Given two decades of success with Penske in IndyCar and IMSA, Castroneves’ resume hardly needs burnishing. But the Brazilian has combined with co-driver Ricky Taylor in the No. 7 Acura DPi to win the past two overall victories at Road America and Michelin Raceway Road Atlanta.

But Castroneves, who doesn’t have a manager, said he has been working the phones hard rather than wait for the strong results to bring in the calls.

“At this point, I feel like I’m the one who needs to be talking to them because people need to know I want to continue racing and understand my desire,” Castroneves, 45, said. “There is opportunity, no question, in both (IndyCar and IMSA), which I’m really happy about it. However, because of the COVID-19, a lot of things sometimes have to be a little delayed. But I’m excited. Whatever the opportunity and whatever destiny guides me, whether IndyCar or sports cars, trust me I’ll be as happy as it could be and doing my 100 percent like I always did.

“It’s like politics, you need to be out there, good news or bad news. People have to make notice of your presence. I’m hustling. I want to continue to keep it going. Hopefully, we’ll have good news very soon.”

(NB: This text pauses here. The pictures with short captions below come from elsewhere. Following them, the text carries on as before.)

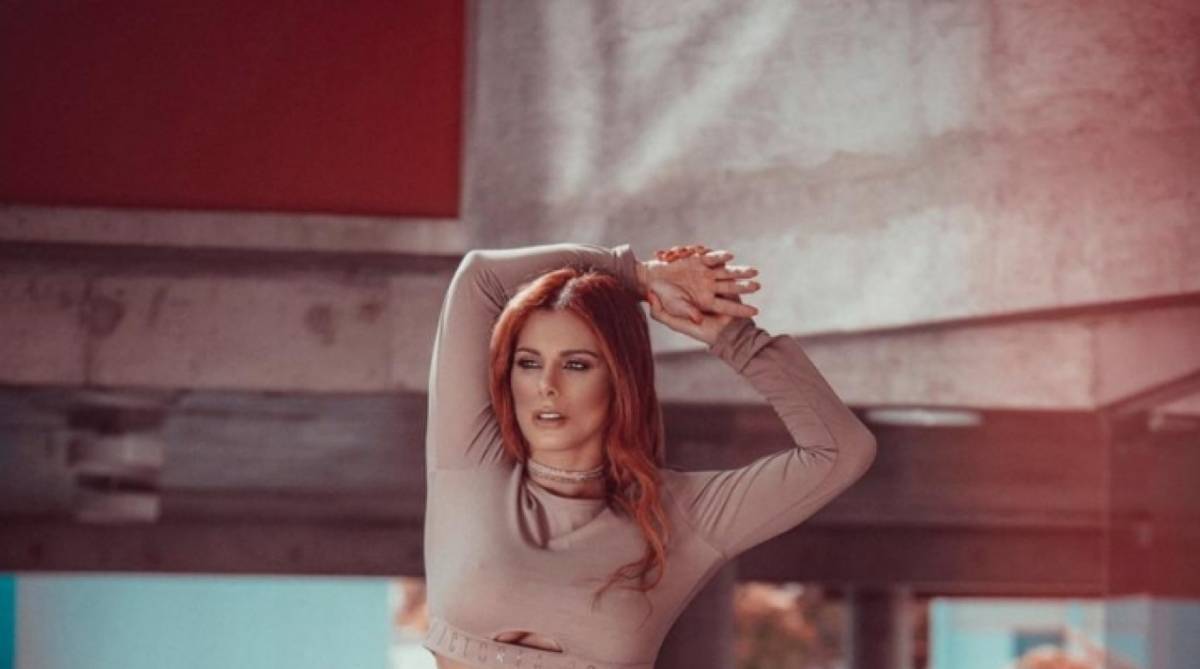 Musa fitness Deborah Albuquerque fica ruiva e posa para ensaio sensual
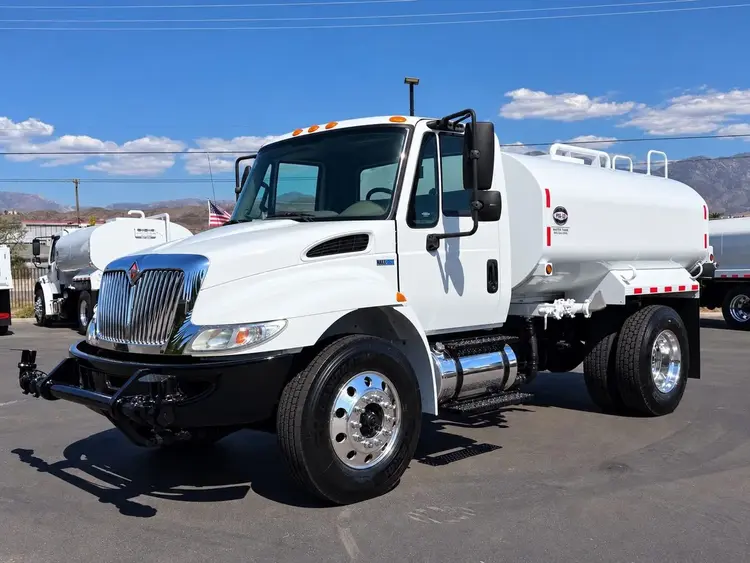 Used 2013 INTERNATIONAL 4300 Box trucks California US | Lillo Machinery #1542375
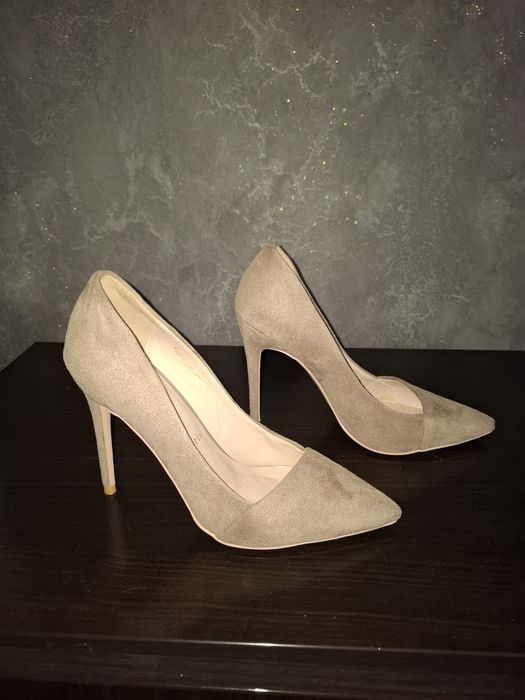 Продам женские туфли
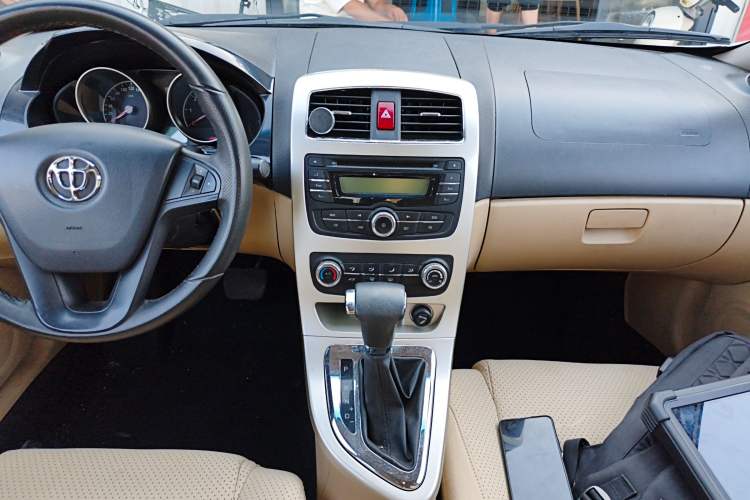 Used Brilliance H330 2013 1.5L Automatic Luxury Model Audio And AC Panel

The news has been all good lately on track for Castroneves and Taylor, who hope to continue their run Sunday at Mid-Ohio Sports Car Course.

The No. 6 duo has surged to sixth in the IMSA WeatherTech SportsCar Championship standings, 10 points out of the lead with four races remaining. After thinking there was “no hope” to be competitive after opening the season with three consecutive poor finishes, Taylor now sees an opportunity for a happy ending.

“With the program going away, Helio has won all the big races and given so much back to the team and left such a mark, he’s really part of Penske history,” Taylor said. “For me, it’s been an opportunity of a lifetime to be a part of it. I’d like to leave my little mark as well. Helio has won everything except for a championship.

“Obviously, we’ve won races already together, but we can win a championship now. I think if both of us can do that together and both win our first championship for ‘The Captain,’ that would be an absolute dream come true, and we can tie a bow on it and be happy.”